**ASSIGNMENT:** A single number is required: the count of lines in the entries below that include the word "Snapshot".

BEGIN INPUT MATERIAL

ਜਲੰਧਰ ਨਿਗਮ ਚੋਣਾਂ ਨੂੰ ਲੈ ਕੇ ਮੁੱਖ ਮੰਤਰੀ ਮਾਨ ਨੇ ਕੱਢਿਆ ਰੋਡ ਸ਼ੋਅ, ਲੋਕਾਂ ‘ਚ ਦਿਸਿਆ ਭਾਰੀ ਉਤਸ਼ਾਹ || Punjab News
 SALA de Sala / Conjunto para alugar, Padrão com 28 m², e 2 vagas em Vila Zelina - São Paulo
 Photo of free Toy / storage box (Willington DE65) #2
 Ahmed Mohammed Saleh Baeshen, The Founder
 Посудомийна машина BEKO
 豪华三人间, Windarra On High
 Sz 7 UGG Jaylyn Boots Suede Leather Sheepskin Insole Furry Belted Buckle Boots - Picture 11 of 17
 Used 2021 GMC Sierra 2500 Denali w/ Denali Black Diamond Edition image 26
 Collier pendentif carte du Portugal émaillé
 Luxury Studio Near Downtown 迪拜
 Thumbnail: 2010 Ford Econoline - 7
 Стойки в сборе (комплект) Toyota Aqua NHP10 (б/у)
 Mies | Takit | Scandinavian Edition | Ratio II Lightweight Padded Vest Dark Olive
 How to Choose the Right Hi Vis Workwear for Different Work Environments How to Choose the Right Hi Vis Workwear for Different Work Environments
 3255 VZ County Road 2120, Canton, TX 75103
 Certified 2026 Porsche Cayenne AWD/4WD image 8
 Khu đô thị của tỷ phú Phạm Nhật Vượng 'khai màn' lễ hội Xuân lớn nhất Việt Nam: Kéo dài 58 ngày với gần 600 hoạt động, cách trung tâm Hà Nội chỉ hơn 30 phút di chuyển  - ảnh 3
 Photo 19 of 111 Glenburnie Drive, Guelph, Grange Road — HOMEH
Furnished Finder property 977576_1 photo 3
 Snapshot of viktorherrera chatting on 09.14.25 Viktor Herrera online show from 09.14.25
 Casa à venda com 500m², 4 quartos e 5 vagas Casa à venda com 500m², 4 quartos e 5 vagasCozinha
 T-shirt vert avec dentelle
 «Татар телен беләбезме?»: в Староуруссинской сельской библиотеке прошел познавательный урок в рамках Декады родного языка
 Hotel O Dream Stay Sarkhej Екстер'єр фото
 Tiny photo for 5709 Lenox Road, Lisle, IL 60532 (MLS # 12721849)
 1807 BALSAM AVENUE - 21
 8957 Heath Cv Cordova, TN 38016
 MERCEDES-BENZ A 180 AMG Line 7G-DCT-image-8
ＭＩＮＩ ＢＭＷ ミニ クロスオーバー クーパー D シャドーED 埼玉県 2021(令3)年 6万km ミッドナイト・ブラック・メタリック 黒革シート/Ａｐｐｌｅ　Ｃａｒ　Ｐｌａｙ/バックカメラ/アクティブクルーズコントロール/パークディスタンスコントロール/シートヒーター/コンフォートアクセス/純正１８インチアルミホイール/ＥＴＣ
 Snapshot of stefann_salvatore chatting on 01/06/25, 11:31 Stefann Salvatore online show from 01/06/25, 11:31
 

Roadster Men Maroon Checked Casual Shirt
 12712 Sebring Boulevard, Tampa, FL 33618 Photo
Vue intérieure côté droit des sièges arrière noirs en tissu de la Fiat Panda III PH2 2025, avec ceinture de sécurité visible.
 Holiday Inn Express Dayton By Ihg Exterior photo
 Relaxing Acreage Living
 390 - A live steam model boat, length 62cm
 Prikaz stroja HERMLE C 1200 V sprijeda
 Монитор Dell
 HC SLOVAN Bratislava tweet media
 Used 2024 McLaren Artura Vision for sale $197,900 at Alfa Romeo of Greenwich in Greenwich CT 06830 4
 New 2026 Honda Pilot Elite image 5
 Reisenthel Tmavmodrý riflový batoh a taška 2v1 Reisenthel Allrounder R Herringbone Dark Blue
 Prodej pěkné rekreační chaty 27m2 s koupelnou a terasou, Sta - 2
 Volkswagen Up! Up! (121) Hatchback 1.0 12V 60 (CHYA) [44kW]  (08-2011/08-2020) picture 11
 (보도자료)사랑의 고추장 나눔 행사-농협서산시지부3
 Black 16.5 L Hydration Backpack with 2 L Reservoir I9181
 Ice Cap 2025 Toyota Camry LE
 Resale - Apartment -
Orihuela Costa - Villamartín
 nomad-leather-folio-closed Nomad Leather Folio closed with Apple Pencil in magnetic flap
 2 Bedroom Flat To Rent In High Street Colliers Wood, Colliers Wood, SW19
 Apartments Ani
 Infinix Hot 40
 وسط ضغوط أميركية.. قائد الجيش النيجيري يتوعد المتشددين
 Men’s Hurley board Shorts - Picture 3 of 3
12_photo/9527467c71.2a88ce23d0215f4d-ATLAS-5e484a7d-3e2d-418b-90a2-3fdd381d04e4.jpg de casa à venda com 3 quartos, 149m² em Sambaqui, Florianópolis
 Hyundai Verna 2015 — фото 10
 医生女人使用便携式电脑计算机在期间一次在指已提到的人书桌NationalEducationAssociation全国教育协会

END INPUT MATERIAL

**REPLY TO THE TASK:** 2